* TASK ITEM
Set down every entry word for word. Omit the pictures.
------ RAW DATA ------
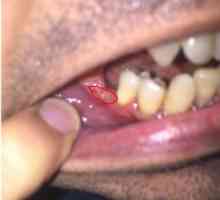 Poškodenie ďasien po extrakcii zubov, čo robiť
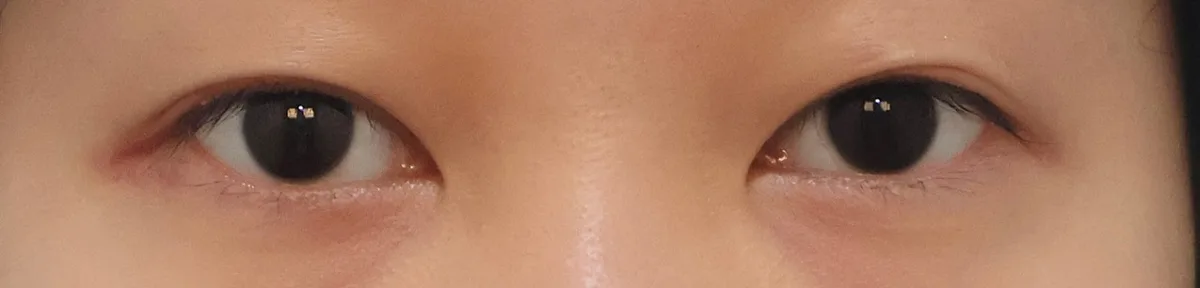 upper-eyelid-fat-removal-korea-real-results รูปประกอบ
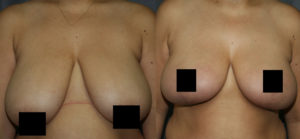 Breast Lift for Larger Breasts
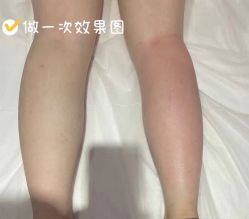 -Lily纤美·科技减脂中心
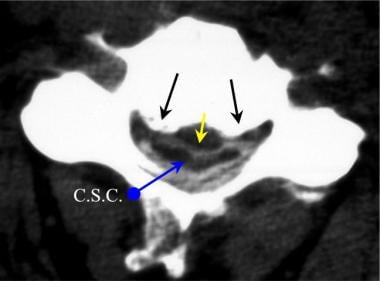 Axial computed tomography (CT) image from a CT mye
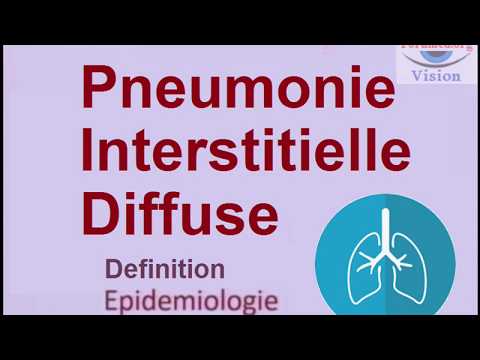 Vidéo: Évaluation De La Réunion Multidisciplinaire Sur Les Maladies Pulmonaires Interstitielles: Une Enquête Auprès Des Centres D'experts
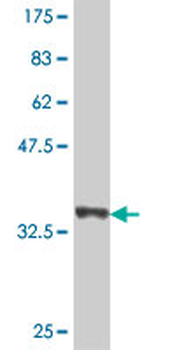 ACMSD polyclonal antibody (A01)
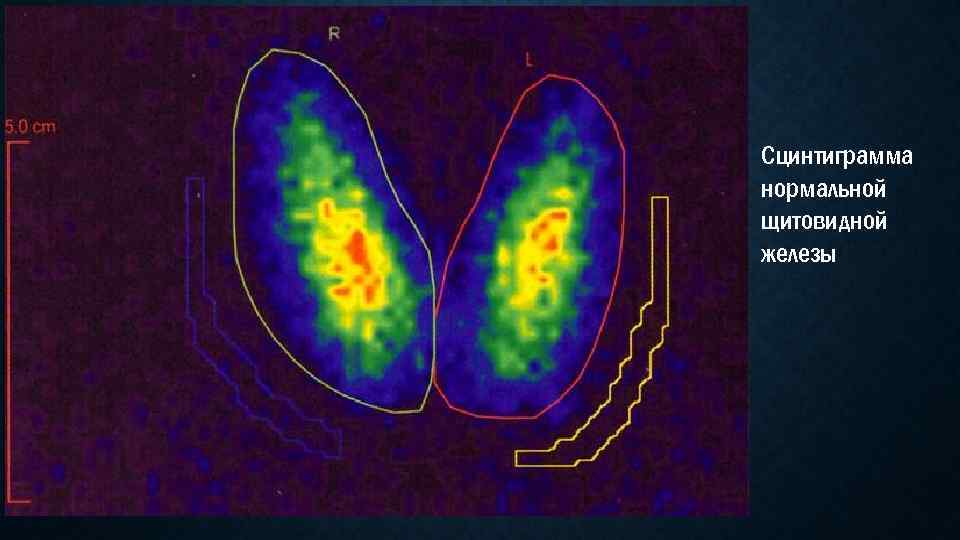 Сцинтиграмма нормальной щитовидной железы 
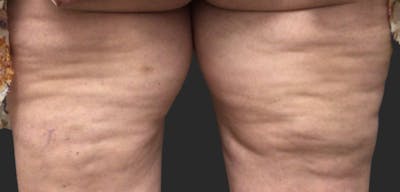 Celllulite Treatment RF Before & After Gallery - Patient 124887 - Image 1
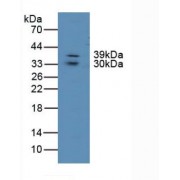 Western blot analysis of Human Lung Tissue.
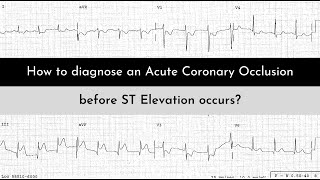 STEMINSTEMI vs OMINOMI A Paradigm Shift in ECG interpretation of MI [upl. by Salohci]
------
* SOLUTION TO THIS PROBLEM
 Poškodenie ďasien po extrakcii zubov, čo robiť
 upper-eyelid-fat-removal-korea-real-results รูปประกอบ
 Breast Lift for Larger Breasts
 -Lily纤美·科技减脂中心
 Axial computed tomography (CT) image from a CT mye
 Vidéo: Évaluation De La Réunion Multidisciplinaire Sur Les Maladies Pulmonaires Interstitielles: Une Enquête Auprès Des Centres D'experts
 ACMSD polyclonal antibody (A01)
 Сцинтиграмма нормальной щитовидной железы 
 Celllulite Treatment RF Before & After Gallery - Patient 124887 - Image 1
 Western blot analysis of Human Lung Tissue.
 STEMINSTEMI vs OMINOMI A Paradigm Shift in ECG interpretation of MI [upl. by Salohci]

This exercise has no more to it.